AfDB: covering the impact of climate change in social protection

SOCIAL safeguards must be extended to all Asian countries to include the impact of climate change, according to an expert from the Asian Development Bank (AfDB).

In a blog on Asian development, social sector specialist in the AfDB’s Southeast Asia department, Amir Jilani, said this was crucial for the region since six of the world’s 10 countries most affected by climate change are found in Asia.

On average, more than 40,000 people in the region are killed each year by storms, floods and other natural disasters. Women and girls are also 14 times more likely to die in climate-related disasters than men.

“Social protection measures are a necessary tool to build resilience and protect the most vulnerable following climate, health and socio-economic shocks,” said Jilani.

“They can also play an important role in mitigating climate change, including through vocational training and public works that promote the sustainable use of natural resources,” he added.

The use of “climate-smart” social protection systems will improve the resilience of countries. These social protection measures include indexed insurance schemes based on hocks and weather conditions.

In addition, environmentally friendly public works programs that provide payments to communities for ecosystem services would also be helpful.

These services include reforestation which could also be a good tool for environmental conservation, climate mitigation and poverty reduction.

“In the Philippines, an AfDB-supported pilot of the graduation approach has strengthened household resilience to the pandemic across a range of dimensions, including financial security, food security and mental health,” according to Jilani.

Strengthening social protection, Jilani said, must include efforts to protect those hardest hit by shocks, including climate change. This means covering children, women, the elderly, people with disabilities and people in the informal sector.

Jilani acknowledged, however, that this extension of the coverage of social protection programs involves trade-offs and tax considerations.
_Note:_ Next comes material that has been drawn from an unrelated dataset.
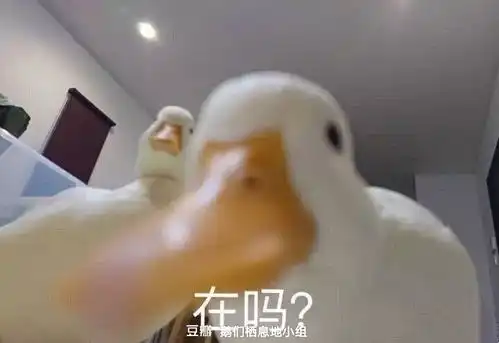  的公关流程,大家看我总结的对吗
But, he said, there was “enough evidence” that it will lead to multiplier effects that can benefit the economy.

One such impact would be to enable the poor to recover quickly from shocks and prevent them from turning to “adverse coping behaviors”.

“Social protection programs have recently demonstrated their critical importance during one of the most unprecedented crises in history. It is time to expand their use to address the impact of climate change on the most vulnerable in society,” said Jilani.

Other efforts to strengthen social protection include the use of digital ID systems and social registries to provide social protection as well as efforts to undertake poverty, risk and vulnerability assessments needed to target poverty. ‘assistance.

Jilani also highlighted the need to strengthen policy coherence, coordination and collaboration between actors in social protection, climate change, disaster risk management and humanitarian response.